Segment Start: RAW DATA
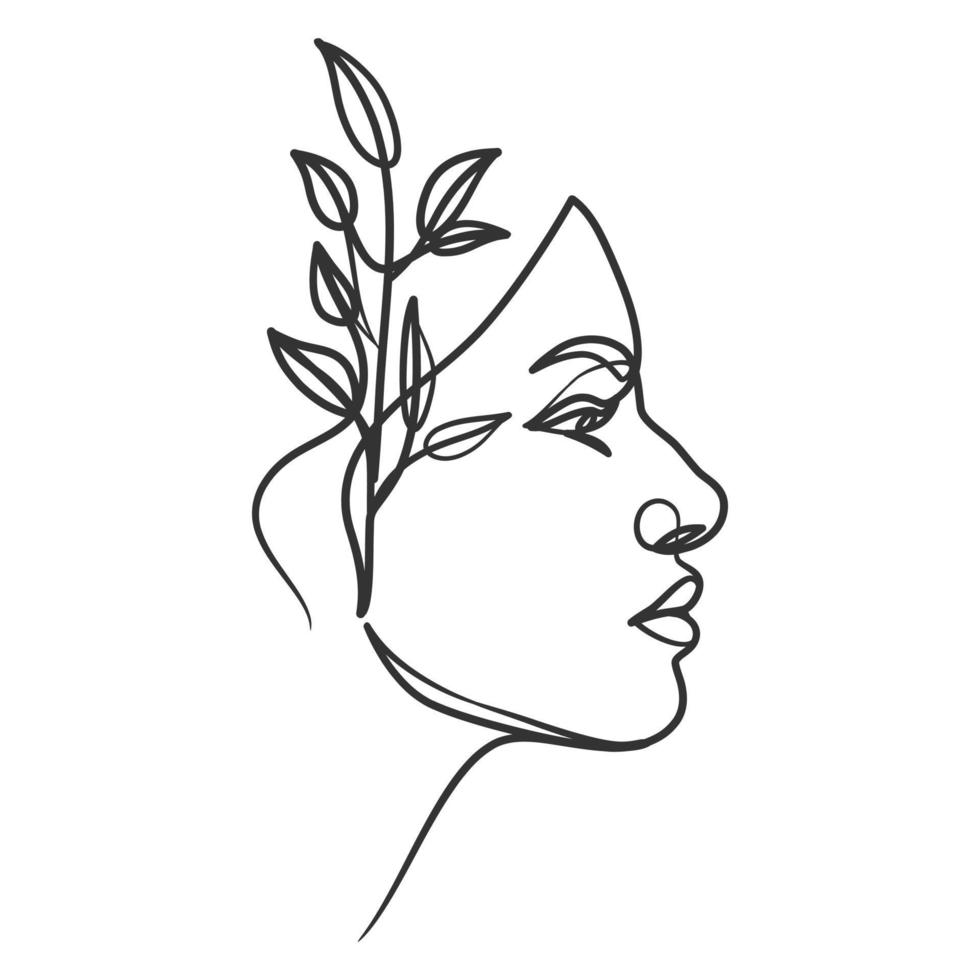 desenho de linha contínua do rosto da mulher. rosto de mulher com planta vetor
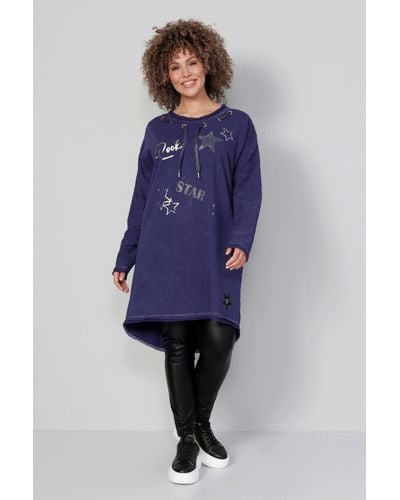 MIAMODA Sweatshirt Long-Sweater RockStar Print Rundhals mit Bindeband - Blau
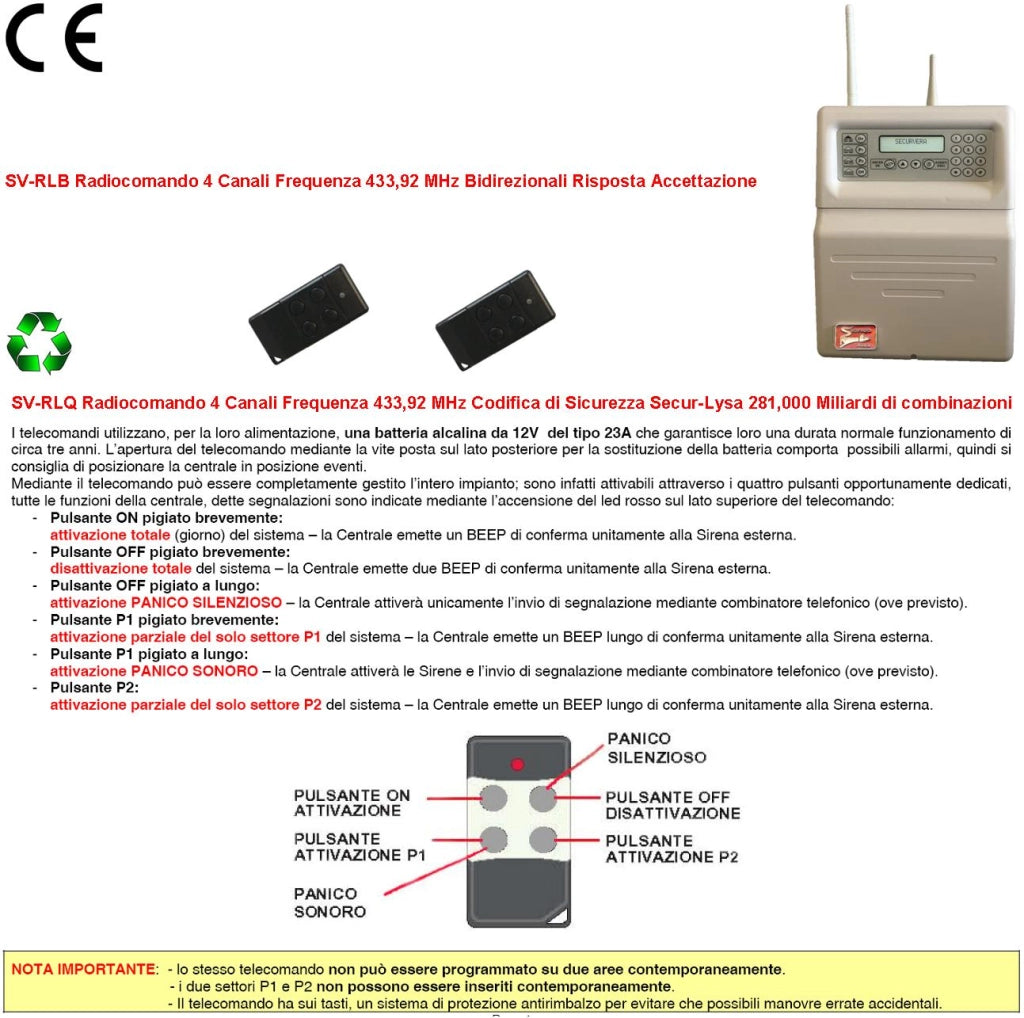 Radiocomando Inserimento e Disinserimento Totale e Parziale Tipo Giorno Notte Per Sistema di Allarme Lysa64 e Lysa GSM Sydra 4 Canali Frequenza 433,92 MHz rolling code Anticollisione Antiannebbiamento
Segment End: RAW DATA
▸ **DIRECTIONS**
The data is to be returned exactly as it stands, pictures aside.

▸ **YOUR SOLUTION**
 desenho de linha contínua do rosto da mulher. rosto de mulher com planta vetor
 MIAMODA Sweatshirt Long-Sweater RockStar Print Rundhals mit Bindeband - Blau
 Radiocomando Inserimento e Disinserimento Totale e Parziale Tipo Giorno Notte Per Sistema di Allarme Lysa64 e Lysa GSM Sydra 4 Canali Frequenza 433,92 MHz rolling code Anticollisione Antiannebbiamento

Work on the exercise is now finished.